The Abandonment of the Jews quickly rose to the New York Times best-seller list, and reviewers were nearly unanimous in their acclaim. “We will not see a better book on this subject in our lifetime,” Prof. Leonard Dinnerstein concluded. Prof. Hasia Diner wrote that Abandonment “systematically demolishes often repeated excuses for inaction.”
The Abandonment of the Jews won the Bernath Prize of the Society for Historians of American Foreign Relations, the Saloutos Award of the Immigration History Society, the Ansfield-Wolf Award, and the National Jewish Book Award, among other accolades. It went through seven hardcover printings and multiple paperback editions, as well as editions in German, French, Hebrew, and Polish, selling a total of more than 150,000 copies worldwide.
The book attracted considerable interest on Capitol Hill, as well. Twice in 1985, Prof. Wyman was invited to address groups of members of Congress. U.S. Senator Paul Simon (D-Illinois) devoted an installment of his weekly syndicated column to The Abandonment of the Jews, which he characterized as “one of the most powerful books I have ever read.”
During the decade following the book’s publication, Wyman was a featured guest on numerous major radio and television shows, including Nightline with Ted Koppel, The Today Show with Jane Pauley, and The Larry King Show.
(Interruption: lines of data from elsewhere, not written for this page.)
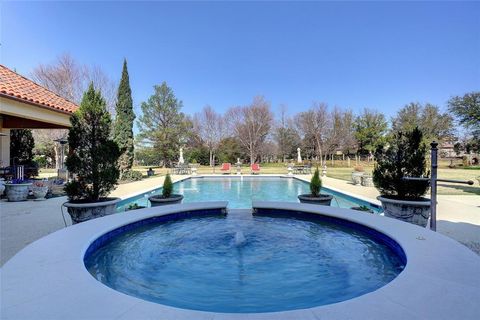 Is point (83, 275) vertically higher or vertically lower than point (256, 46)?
lower

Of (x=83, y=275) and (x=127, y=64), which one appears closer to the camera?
(x=83, y=275)

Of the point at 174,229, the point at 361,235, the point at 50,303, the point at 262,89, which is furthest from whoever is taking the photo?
the point at 262,89

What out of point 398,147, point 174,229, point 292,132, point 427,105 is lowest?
point 174,229

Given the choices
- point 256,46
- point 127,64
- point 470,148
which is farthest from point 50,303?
point 470,148

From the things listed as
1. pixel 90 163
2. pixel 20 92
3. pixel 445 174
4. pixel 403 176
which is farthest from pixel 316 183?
pixel 445 174

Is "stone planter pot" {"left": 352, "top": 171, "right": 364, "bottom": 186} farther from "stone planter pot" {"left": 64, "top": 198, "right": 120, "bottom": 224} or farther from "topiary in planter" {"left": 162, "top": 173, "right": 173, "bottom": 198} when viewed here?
"stone planter pot" {"left": 64, "top": 198, "right": 120, "bottom": 224}

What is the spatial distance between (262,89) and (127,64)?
66.2 ft

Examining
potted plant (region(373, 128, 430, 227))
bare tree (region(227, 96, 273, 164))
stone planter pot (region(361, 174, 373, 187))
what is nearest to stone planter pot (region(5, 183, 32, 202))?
potted plant (region(373, 128, 430, 227))

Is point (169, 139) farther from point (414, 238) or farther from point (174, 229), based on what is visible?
point (414, 238)

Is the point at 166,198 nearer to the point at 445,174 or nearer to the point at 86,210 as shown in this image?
the point at 86,210

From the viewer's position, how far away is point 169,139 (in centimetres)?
3228

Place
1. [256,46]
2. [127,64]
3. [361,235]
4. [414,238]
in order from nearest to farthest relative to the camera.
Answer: [414,238]
[361,235]
[127,64]
[256,46]

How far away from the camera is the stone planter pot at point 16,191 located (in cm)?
899

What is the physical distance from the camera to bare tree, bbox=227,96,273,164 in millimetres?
34812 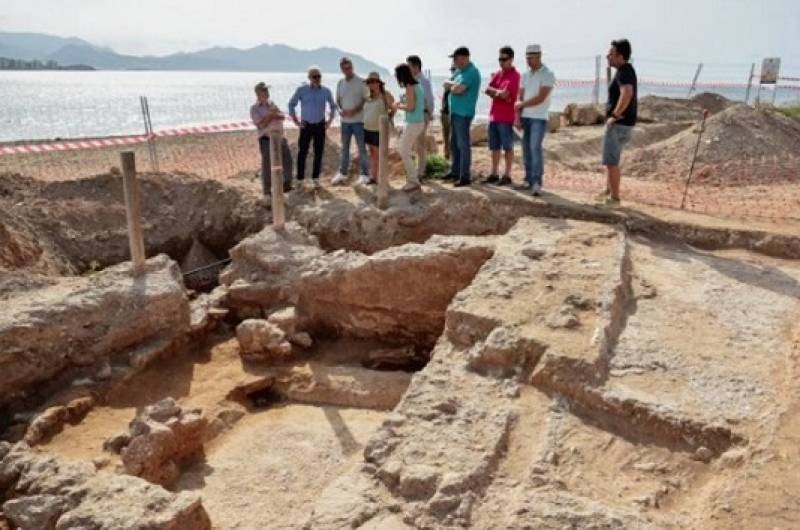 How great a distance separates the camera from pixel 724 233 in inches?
314

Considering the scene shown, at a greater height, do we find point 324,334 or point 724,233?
point 724,233

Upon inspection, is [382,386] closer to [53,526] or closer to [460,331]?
[460,331]

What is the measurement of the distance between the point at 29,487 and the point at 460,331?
3476 mm

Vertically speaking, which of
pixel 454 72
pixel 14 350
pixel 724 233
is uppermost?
pixel 454 72

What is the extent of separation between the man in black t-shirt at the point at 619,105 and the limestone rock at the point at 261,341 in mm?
4672

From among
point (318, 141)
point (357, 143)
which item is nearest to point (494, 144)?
point (357, 143)

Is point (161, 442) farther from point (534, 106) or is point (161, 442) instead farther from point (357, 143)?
point (534, 106)

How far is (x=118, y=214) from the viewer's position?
9914 mm

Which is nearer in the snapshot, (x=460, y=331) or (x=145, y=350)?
(x=460, y=331)

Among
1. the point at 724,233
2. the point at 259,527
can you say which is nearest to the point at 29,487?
the point at 259,527

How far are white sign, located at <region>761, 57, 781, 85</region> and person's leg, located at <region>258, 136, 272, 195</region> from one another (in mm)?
→ 16036

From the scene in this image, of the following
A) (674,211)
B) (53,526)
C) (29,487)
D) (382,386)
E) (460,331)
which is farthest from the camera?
(674,211)

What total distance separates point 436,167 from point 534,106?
231 centimetres

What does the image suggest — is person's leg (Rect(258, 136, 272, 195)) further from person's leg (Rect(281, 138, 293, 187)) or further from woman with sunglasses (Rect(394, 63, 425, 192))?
woman with sunglasses (Rect(394, 63, 425, 192)) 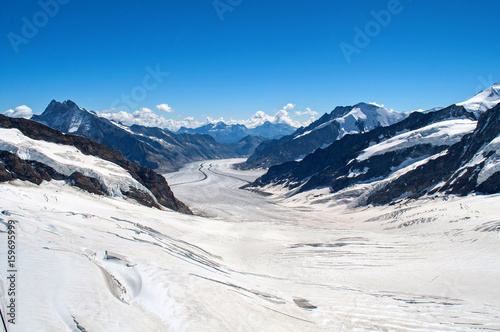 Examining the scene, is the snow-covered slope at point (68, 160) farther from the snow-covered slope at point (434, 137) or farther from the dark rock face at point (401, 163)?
the snow-covered slope at point (434, 137)

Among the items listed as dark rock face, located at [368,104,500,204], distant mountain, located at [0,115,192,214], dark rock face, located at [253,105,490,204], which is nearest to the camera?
distant mountain, located at [0,115,192,214]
He delivered more than 400 lectures to synagogues, churches, civic organizations, and educational institutions, and even those represented only the fraction of the invitations that his teaching load enabled him to accept.
A BOOK THAT SAVED LIVES
The book also played a key role in the rescue of Jews from Ethiopia in 1985.
A secret agreement between Israel and Sudan in 1984 enabled an Israeli airlift of tens of thousands of Jews from an area along the Ethiopian-Sudanese border in 1984. In January 1985, Sudan suddenly halted the airlifts, leaving some 800 Ethiopian Jewish refugees stranded.
According to Israeli government officials and numerous news reports, the Sudanese decision was prompted by the premature publication of details of the operation by the Washington Jewish Week, which published them despite requests from Israeli and American Jewish leaders to hold back. Jewish Week editor Michael Berenbaum, who later served as the first research director for the United States Holocaust Memorial Museum, defended the decision to publish the information on the grounds that a number of people in the Jewish community already knew about it, and the details would soon be published elsewhere.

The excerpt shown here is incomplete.